* WHAT THE EXERCISE ASKS:
Copy out every line of the data exactly; do not include the images.

* DATA BELOW:
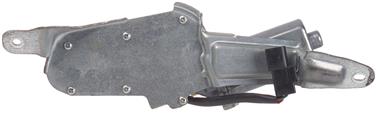 Windshield Wiper Motor A1 43-4603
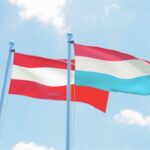 Scholarships for International Students in Luxembourg in 2025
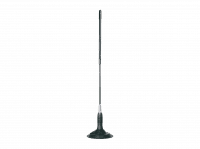 АВТОМОБИЛЬНАЯ CB АНТЕННА (Магнитная) Optim CB-50 DB MAG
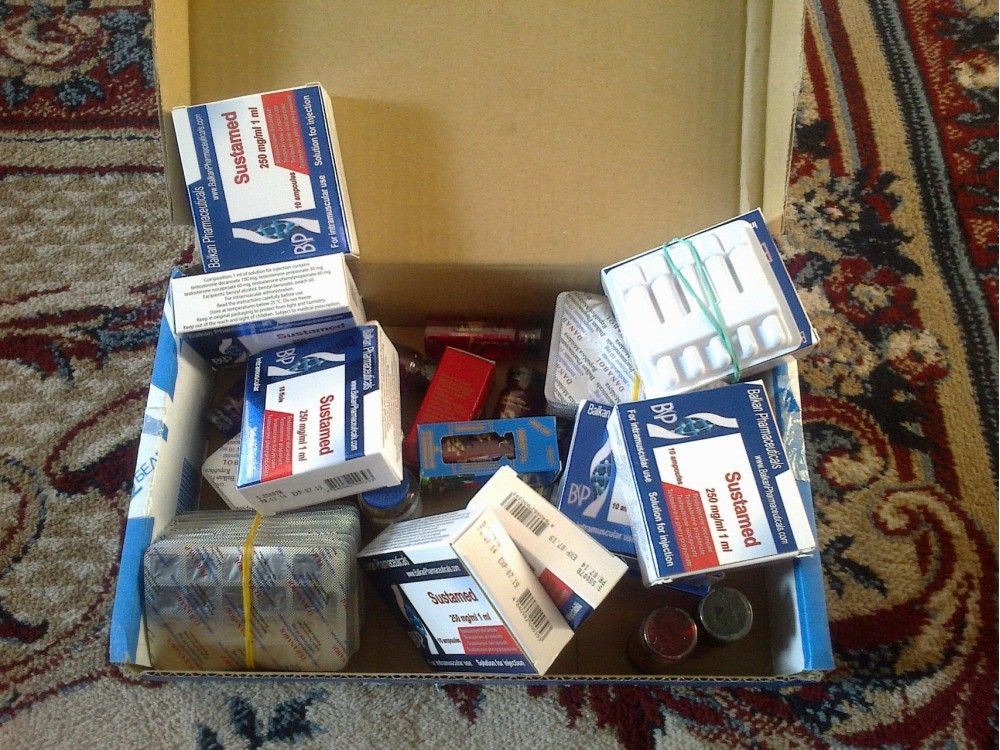 магазин metan-rus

* RESPONSE TO THIS EXERCISE:
 Windshield Wiper Motor A1 43-4603
 Scholarships for International Students in Luxembourg in 2025
 АВТОМОБИЛЬНАЯ CB АНТЕННА (Магнитная) Optim CB-50 DB MAG
 магазин metan-rus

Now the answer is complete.